Maniakes stared at the messenger who had come hotfoot from the walls of Videssos the city. "There's a what out there?" he demanded, digging a finger into his ear. "I can't have heard you rightly."
"May it please your Majesty, you did," the messenger said. "There's a band of Kubratoi out there, just past dart-thrower range. The fellow who sounds like he's in charge-I misremember his name, but he speaks Videssian like it was an egg he's beating in a bowl-"
"Is he called Moundioukh, by any chance?" Maniakes asked.
"That's it, your Majesty," the messenger agreed. "You know of him?"

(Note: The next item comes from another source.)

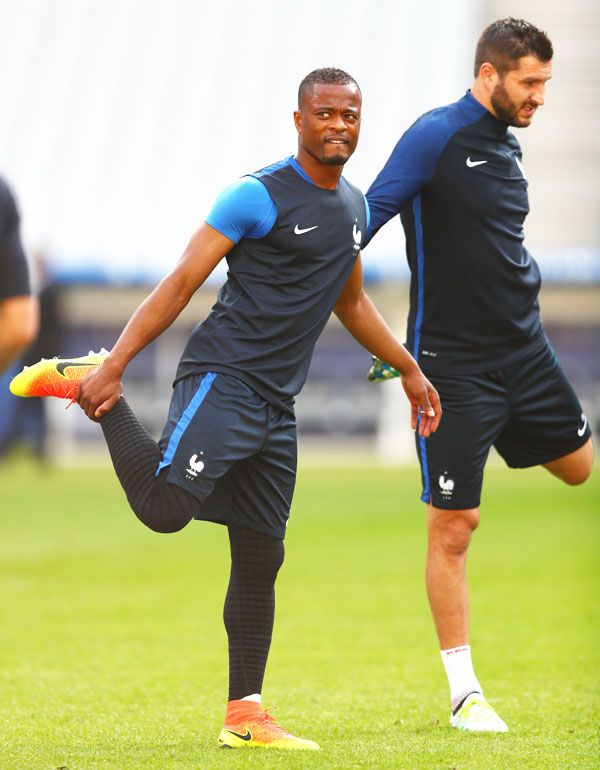 Patrice Evra warms up during a training session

"I know of him," Maniakes said grimly. "Very well, admit him to the city. Surround his force, however large it may be, with armed men. Be particularly careful not to give him any promise of safe-conduct whatsoever. I will meet with him-and him alone-in the Grand Courtroom in two hours' time. Separate him from his men and make sure they are treated well unless you hear otherwise from me. Have you got all that?"
"Would your Majesty be kind enough to repeat it?" the man said. Maniakes did. The messenger gave it back to his satisfaction. Nodding, he sent the fellow back to the wall, then shouted for Kameas.
Two hours later, he sat on the imperial throne in raiment almost as splendid as that which he had had to discard after the Kubrati surprise. Hastily assembled dignitaries took their places to either side of the colonnaded aisle down which Moundioukh would walk.
But for the sounds of Moundioukh's footfalls, the Grand Courtroom was altogether silent as the Kubrati advanced toward the throne. At the prescribed distance from it, he prostrated himself before Maniakes. With a skreek of gearing, servitors behind the far wall raised the imperial throne several feet in the air. When Moundioukh started to get up afterward, the Avtokrator snapped, "I did not give you leave to rise."